The Closing shall take place on such
date as the parties may mutually agree or, in the absence of such
agreement, on November 3, 2006, subject to the prior
satisfaction or waiver of all conditions to the obligations of the
parties to effect the transactions contemplated by this Agreement
(the “Closing Date”). The transactions contemplated by
this Agreement shall become effective at the close of business on
the Closing Date.
Section
2.03. Retirement Accounts.
(a) At the Closing, Seller shall
resign as trustee or custodian with respect to any individual
retirement account (“IRA Account”) as to which Seller
acts in such capacity and as to which one or more of the assets
included therein is a deposit included within the Deposit
Liabilities transferred to Buyer on the Closing Date. At the
Closing, Seller shall designate or appoint Buyer as successor
custodian under each such IRA Account.
(b) Buyer covenants and agrees that,
following its designation or appointment as successor custodian
under the IRA Accounts, it will promptly and faithfully perform,
fulfill, and discharge each of the obligations required to be
performed by the custodian with respect to such accounts pursuant
to law, or pursuant to the governing documents establishing such
IRA Accounts.
3
(c) If an individual depositor with
respect to an IRA Account refuses to accept the designation or
appointment of Buyer as successor custodian with respect to any
such IRA Account, none of the deposits contained in such IRA
Account shall be assumed by Buyer, and they shall remain the
liability and obligation of Seller.
Section
2.04. Calculation and Payment of Purchase
Price.

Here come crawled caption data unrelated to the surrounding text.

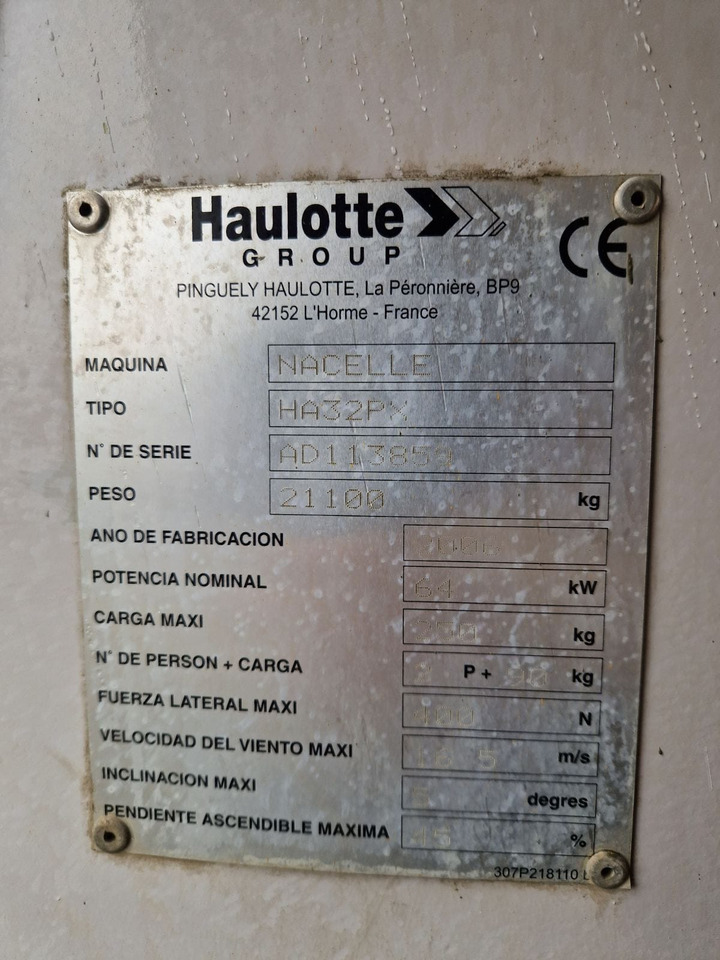 HAULOTTE HA 32 PX - Izlices pacēlājs: foto 5 HAULOTTE HA 32 PX - Izlices pacēlājs: foto 5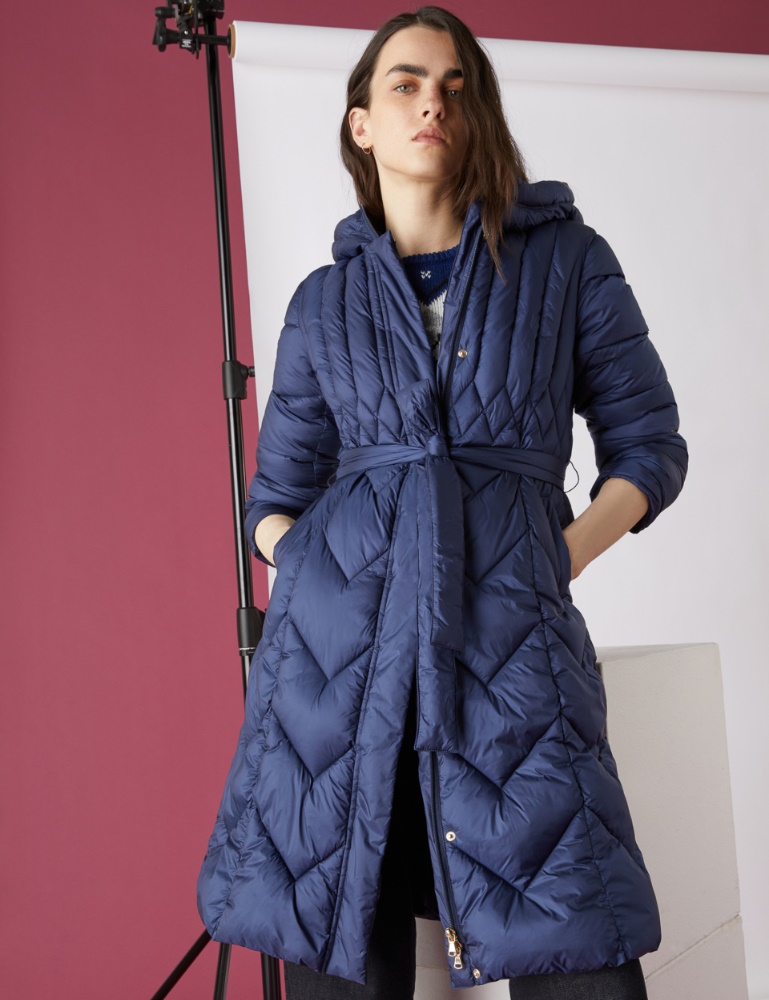 Long down jacket - Navy - Emme 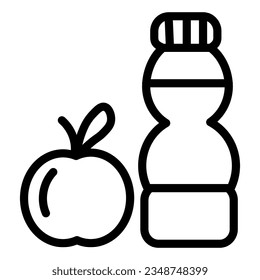 Water bottle and apple line icon. Healthy lifestyle fitness symbol illustration isolated on white. Fresh apple fruit with bottle water outline style designed for and app. Eps 10.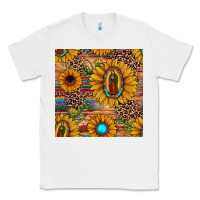 White our lady of guadalupe sunflower  seamless pattern Classic Tee - JahusDesignShop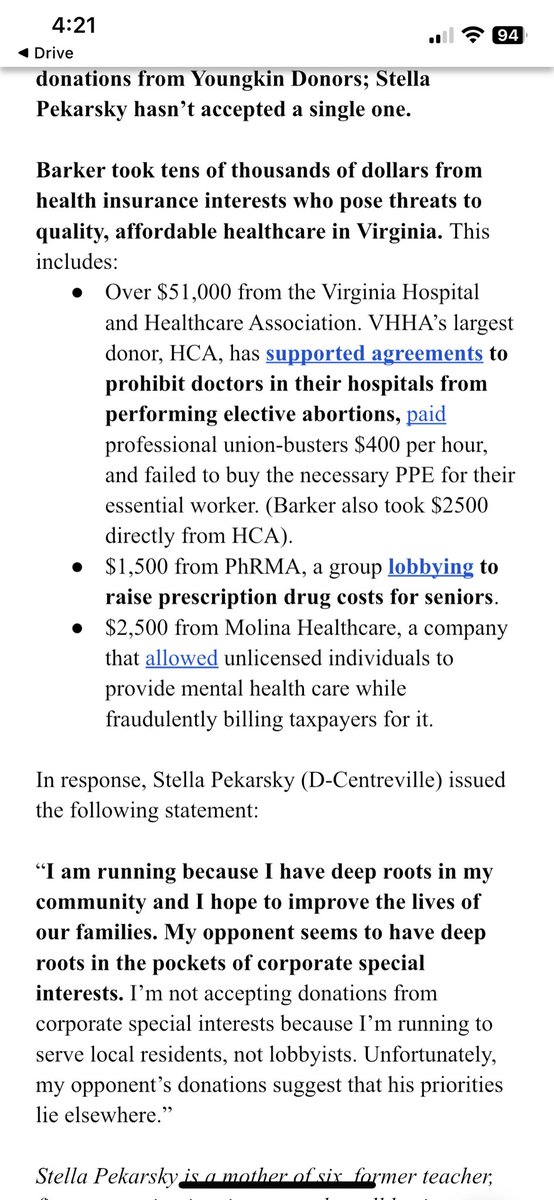 sgpekarsky's tweet image. My opponent’s largest individual donor co-hosted a fundraiser for Trump.

My opponent took $200k from Dominion Energy - straight from your power bills. 

I’m running to support the families of our community, not corporate special interests.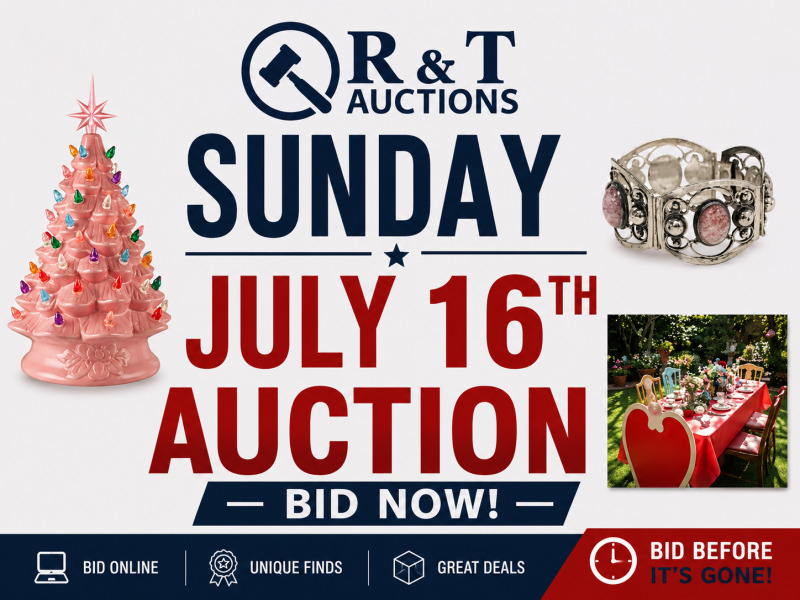 Thursday July 16th , 2026 Timed Online Auction Special Variety Soft close begins 7pm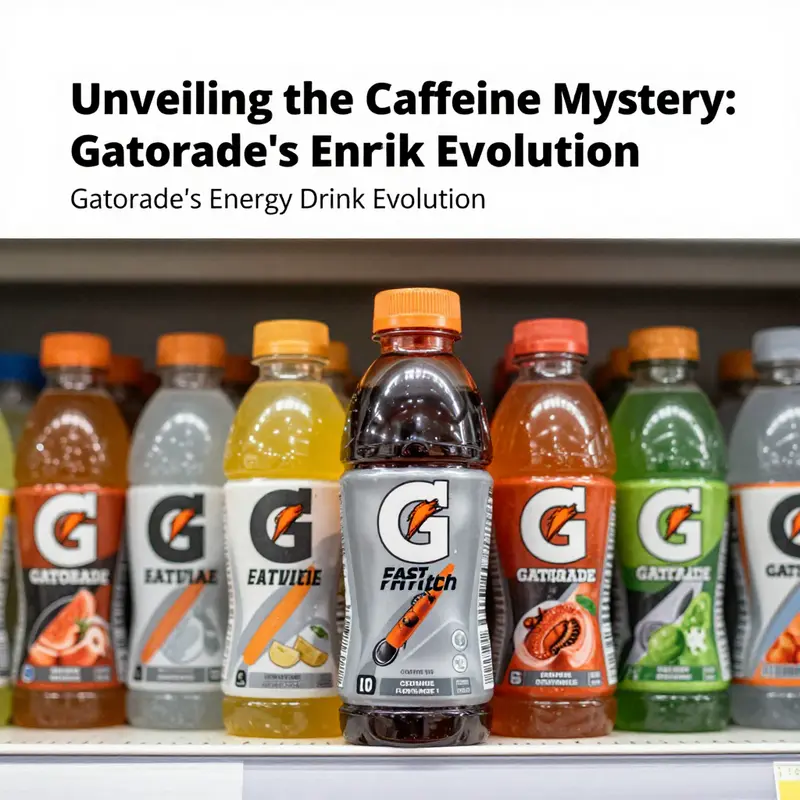 Diverse Gatorade products illustrating traditional flavors and emphasizing Fast Twitch’s unique caffeine content.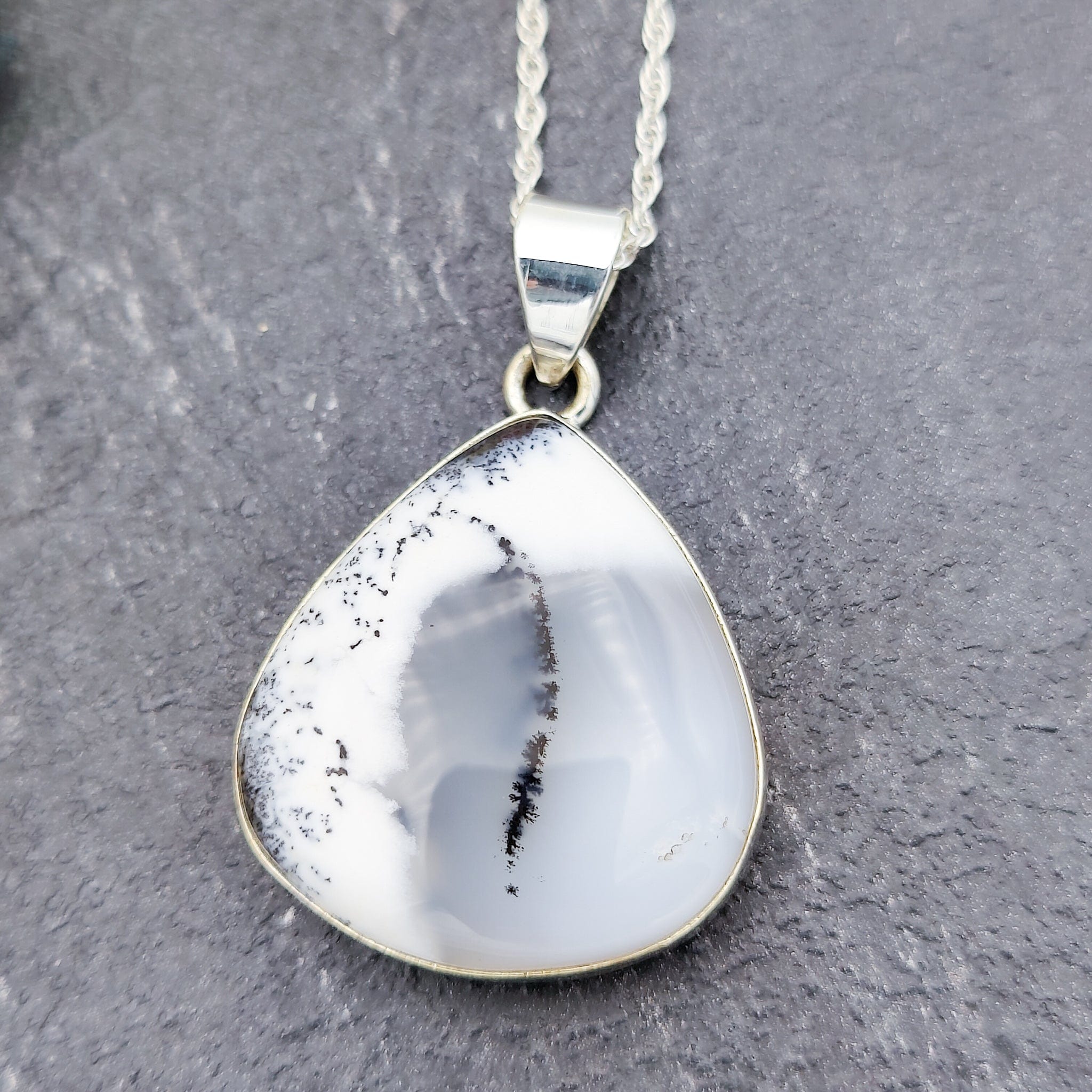 Hepburn and Hughes Dendritic Opal Pendant | 30mm Teardrop | October Birthday | Sterling Silver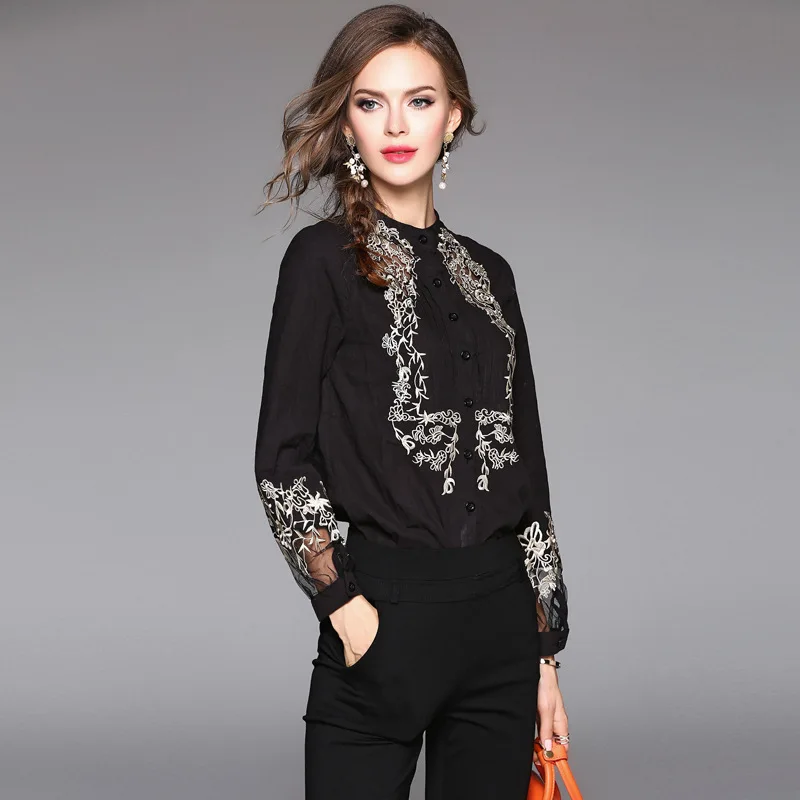 LARCI TDVICTORY Feminina Blusas Осень для женщин рубашка Топы корректирующие Модные вышивка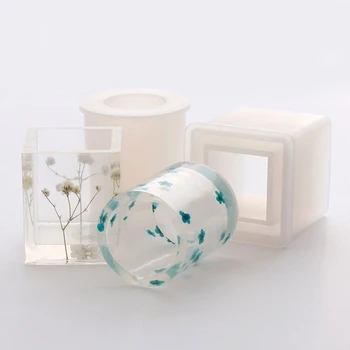 

1 Set Crystal Epoxy Plant Pot Pen Candle Soap Holder Resin Mold Coaster Ashtray Casting Silicone Mould DIY Crafts Making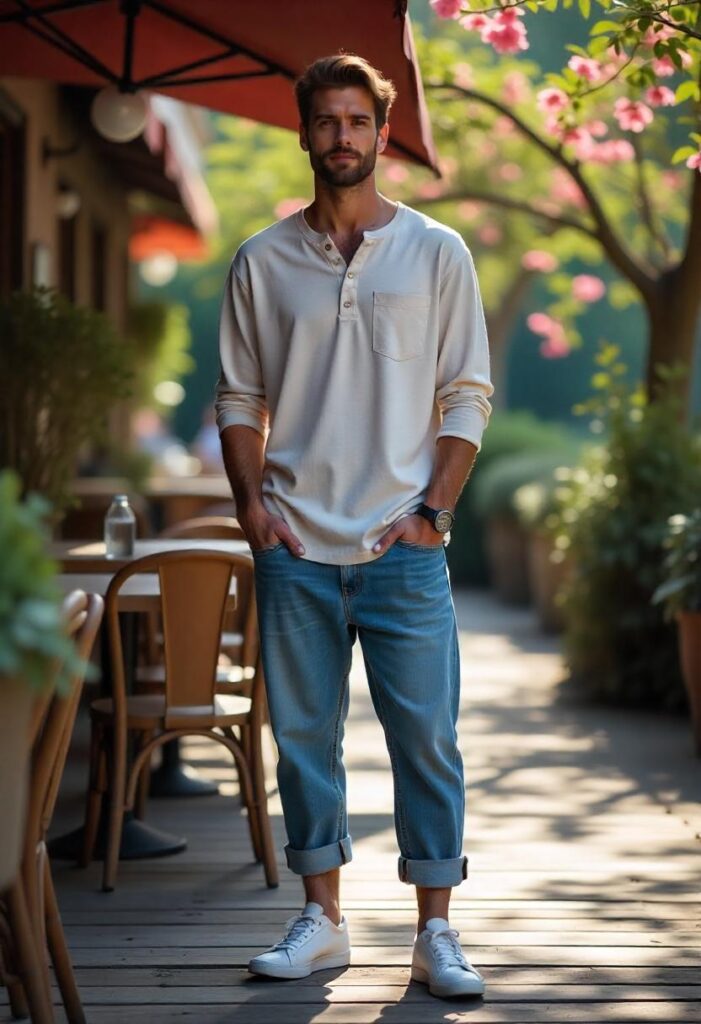 A white man standing on a patio deck at a rustic café in rolled-up oversized baggy jeans, a Henley shirt, and canvas shoes, full outfit displayed.
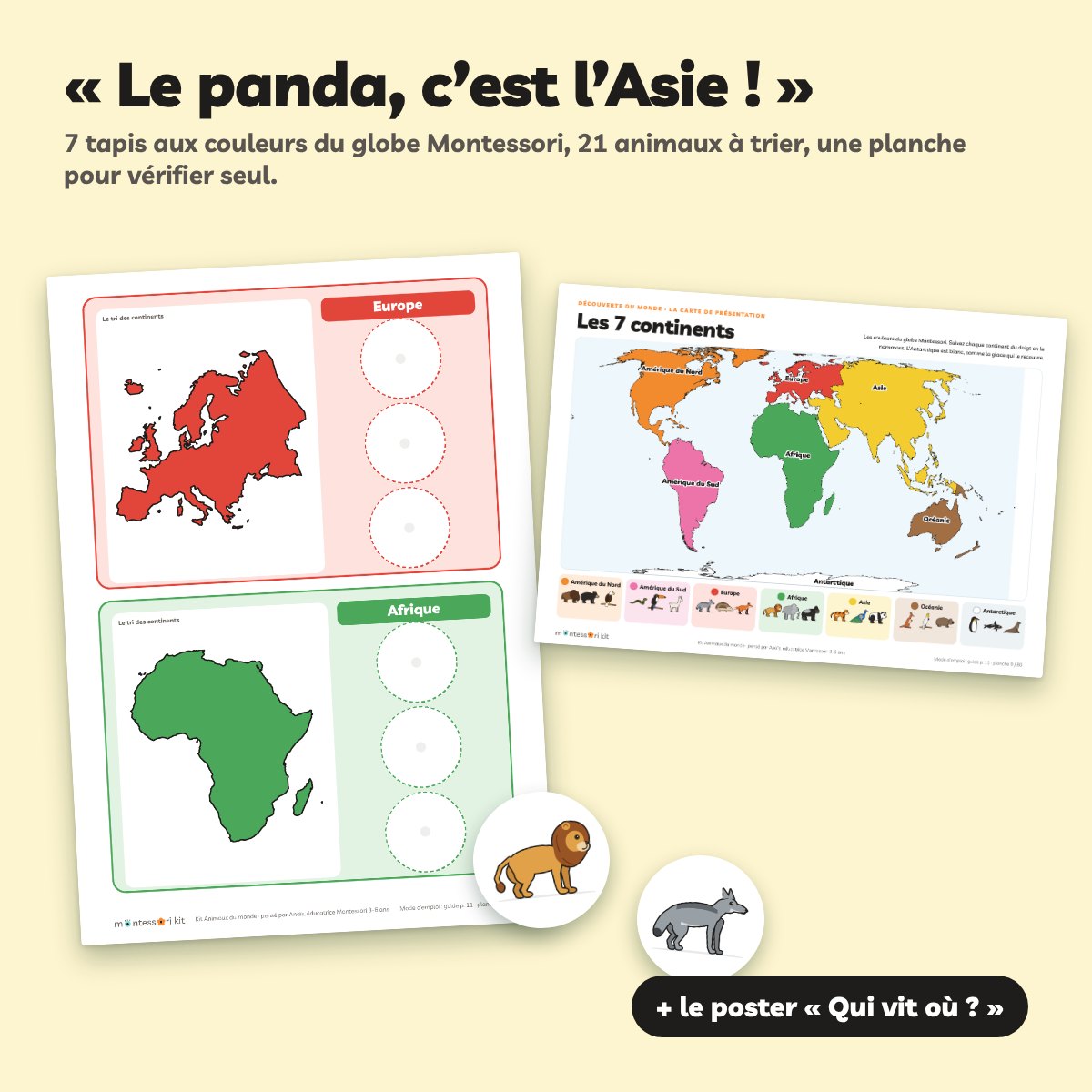Le grand poster « Qui vit où ? » : chaque animal sur son continent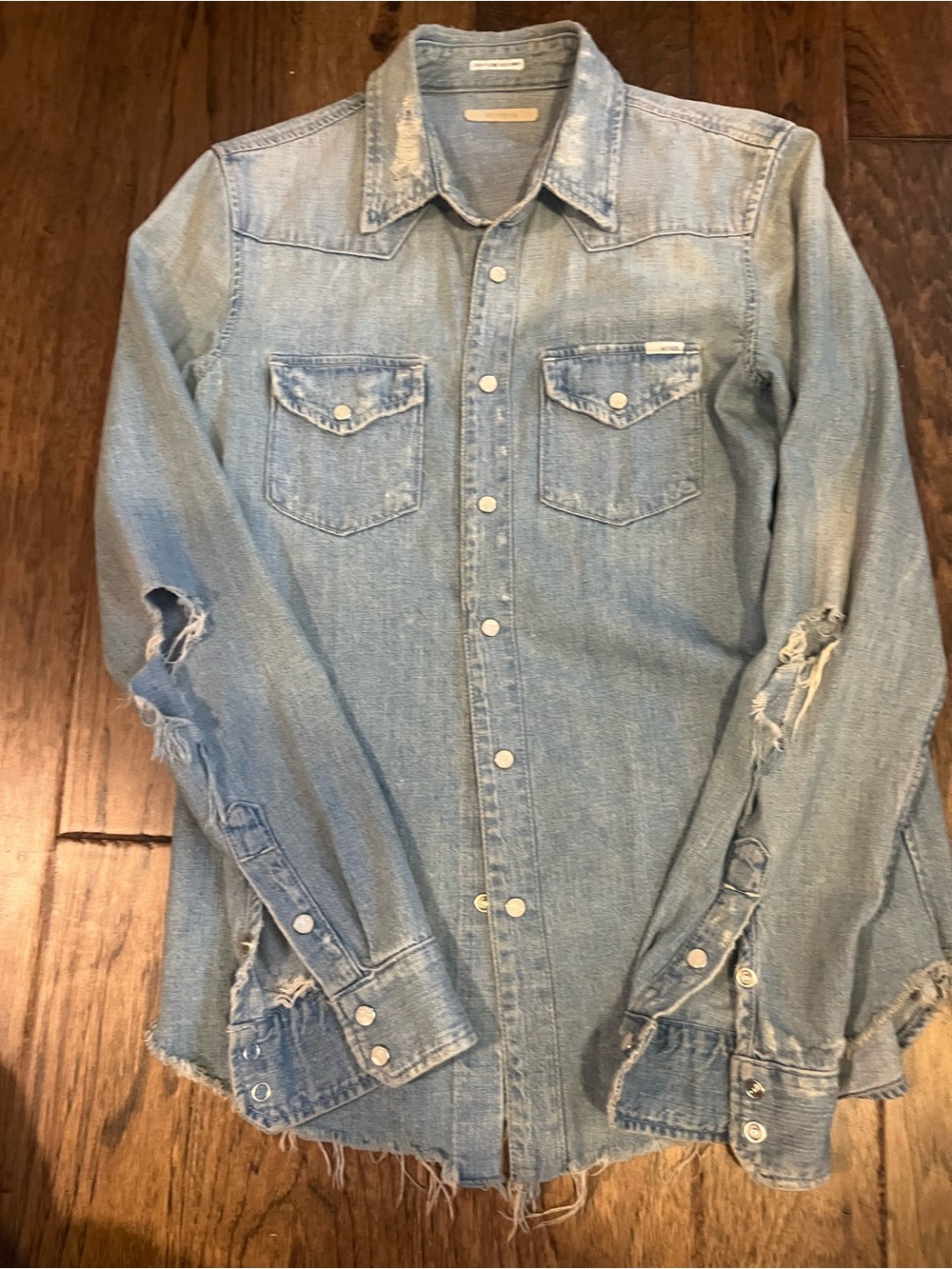 MOTHER Light Blue Distressed Denim Western Shirt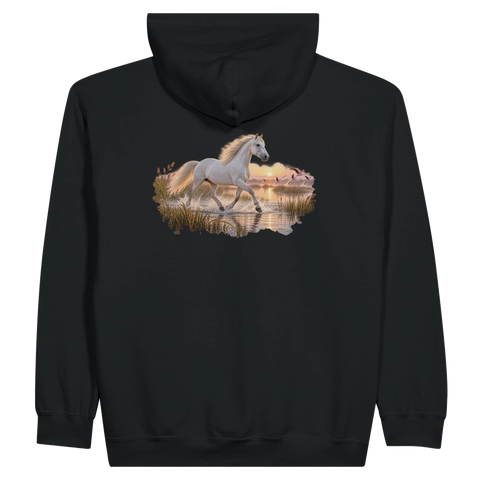 Camargue-Pferd im Flamingo-Marschland – Zip-Hoodie mit Rückendruck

The calculation
and payment of the Purchase Price (defined herein) shall be made as
follows:
(a) The “Purchase Price”
shall be an amount equal to the following, with the appropriate
value of each category of asset and liability to be calculated as
of the close of business on the Closing Date:
(i) the aggregate amount of the
principal of and accrued interest on the Deposit Liabilities;
plus
(ii) the amount of Withholding
Obligations, if any, assumed by Buyer pursuant to
Section 1.02(b) hereof; minus
(iii) a deposit premium in the
amount of 5.5% of the Deposit Liabilities; minus
(iv) the book value of the Assets as
reflected in the books and records of Seller in accordance with
generally accepted accounting principles, consistently applied;
minus
(v) the amount of Cash on Hand;
minus
(vi) the amount of overdrafts on
deposits as of the Closing Date; plus or minus, as
applicable,
(vii) the net amount of any prorated
items required by Section 2.05 to be paid by either party to
the other party.
(b) If the Purchase Price,
calculated by Seller as set forth above but based upon the relevant
values as of the close of business on the second business day prior
to the Closing Date (the “Measurement Date”), is a
positive number, then on the Closing Date Seller shall transfer to
Buyer, by wire transfer in immediately available funds to an
account designated by Buyer, such amount. If the Purchase Price,
calculated by Seller as set forth above but based upon the relevant
values as of the close of business on the Measurement Date, is a
negative number, then on the Closing Date Buyer shall transfer to
Seller, by wire transfer in immediately available funds to an
account designated by Seller, such amount (the amount so
transferred by Buyer or Seller, as the case may be, is referred to
herein as the “Estimated Purchase Price”).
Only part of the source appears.